- [Task objective]
Copy, word for word, the lines of the entries below between the one with "Used 2015 Kia" and the one with "Maison - 232 m² - 6 pièces", inclusive, and leave out everything else.

##### Material provided

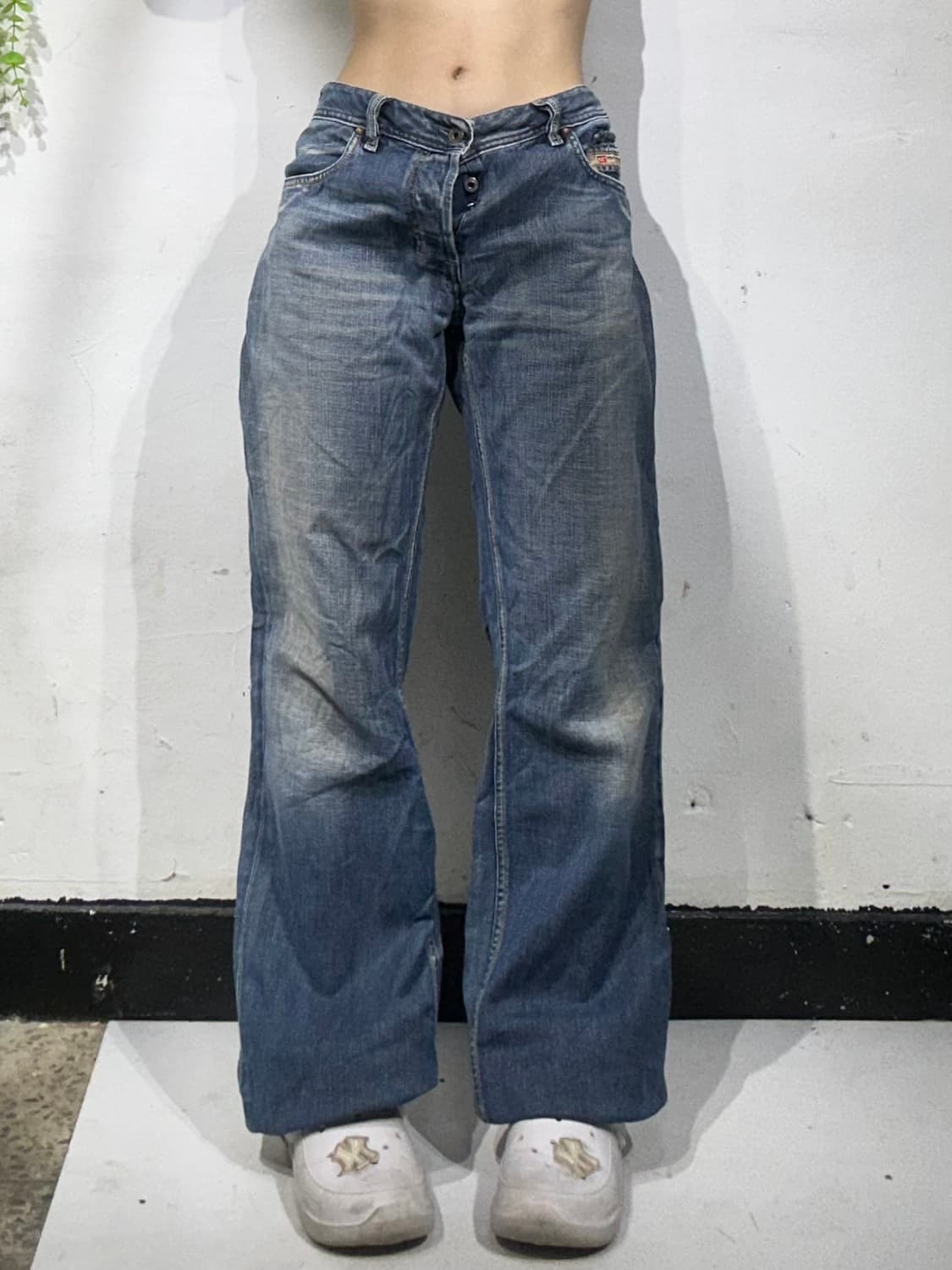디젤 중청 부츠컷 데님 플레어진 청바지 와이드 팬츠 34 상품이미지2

##########
##### Material provided

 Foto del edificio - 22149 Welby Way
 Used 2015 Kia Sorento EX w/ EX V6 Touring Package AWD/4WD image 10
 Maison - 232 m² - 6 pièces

##########

- [Exercise response]
 Used 2015 Kia Sorento EX w/ EX V6 Touring Package AWD/4WD image 10
 Maison - 232 m² - 6 pièces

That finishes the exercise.